_EXERCISE DIRECTIONS:_ Give again, exactly and only, the lines running from the one with "Cotton Silk Saree with Blouse Piece" to the end of the material below; leave out pictures.
========================================
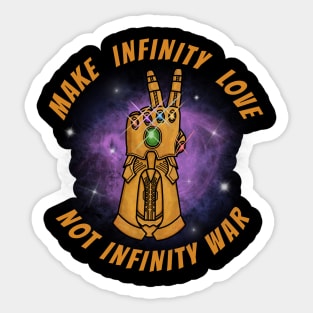 Infinity Love Sticker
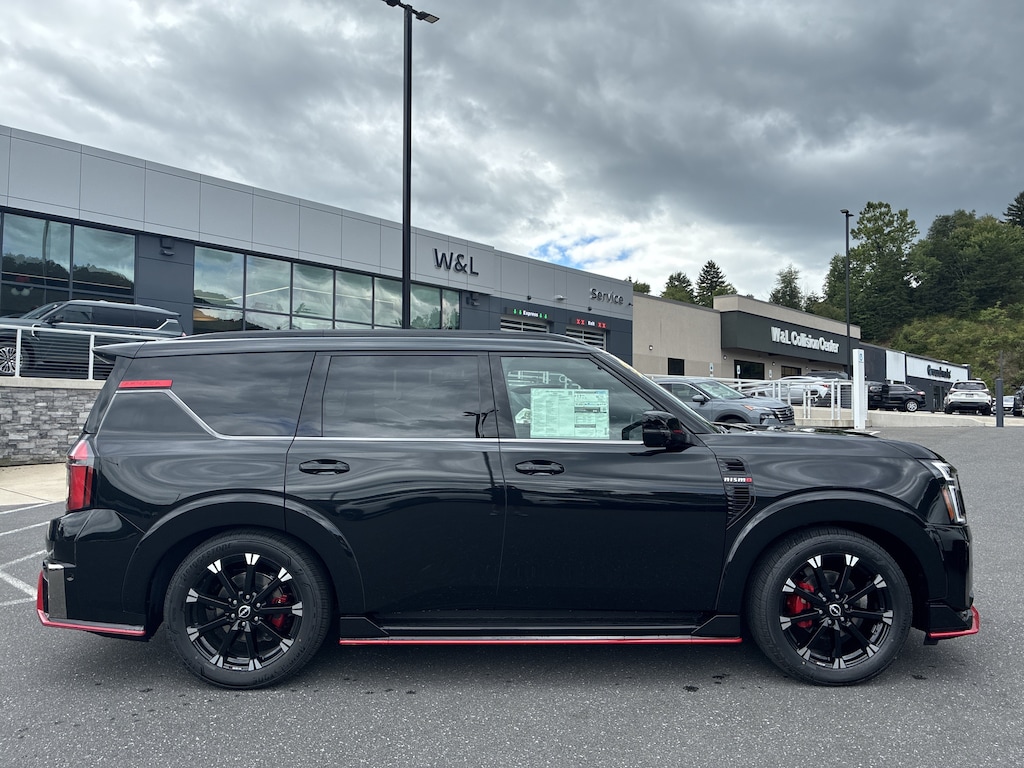 New 2026 Nissan Armada NISMO SUV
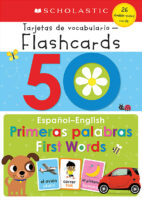 Scholastic Early Learners: 50 Spanish-English First Words Flashcards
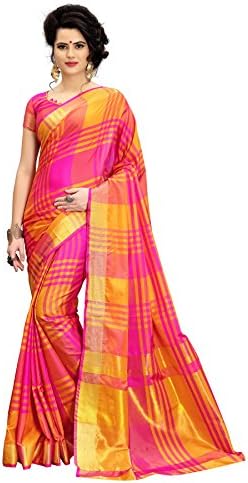 Cotton Silk Saree with Blouse Piece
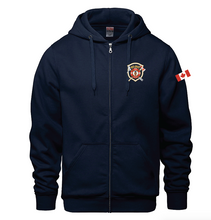 Load image into Gallery viewer, WILMOT FIRE DEPARTMENT - Adult Full Zip • NAVY
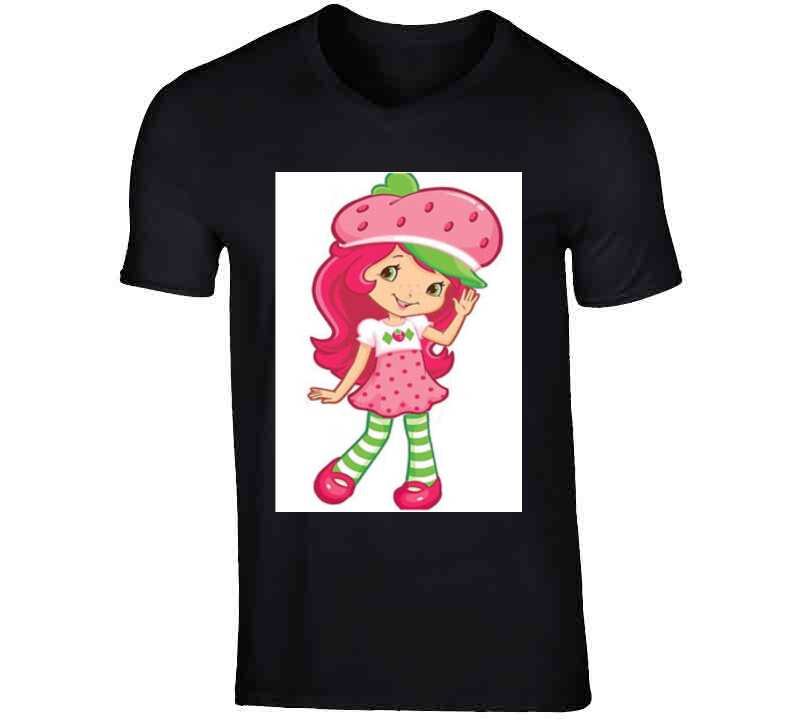 Strawberry Lover Ladies T Shirt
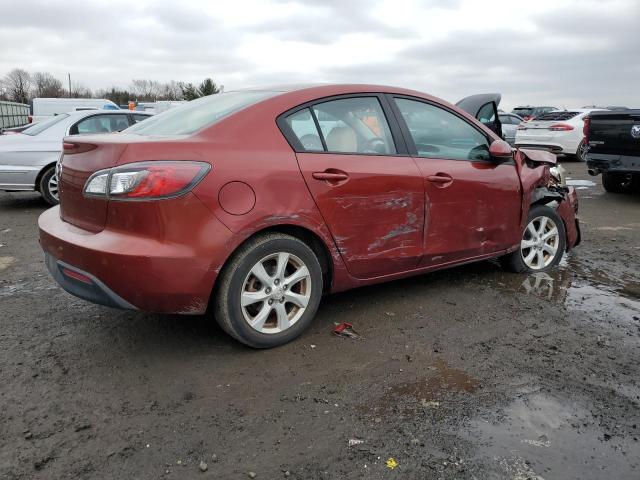 JM1BL1SG5A1283054 - 2010 MAZDA 3 I RED photo 3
========================================
_RESULT:_
 Cotton Silk Saree with Blouse Piece
 Load image into Gallery viewer, WILMOT FIRE DEPARTMENT - Adult Full Zip • NAVY
 Strawberry Lover Ladies T Shirt
 JM1BL1SG5A1283054 - 2010 MAZDA 3 I RED photo 3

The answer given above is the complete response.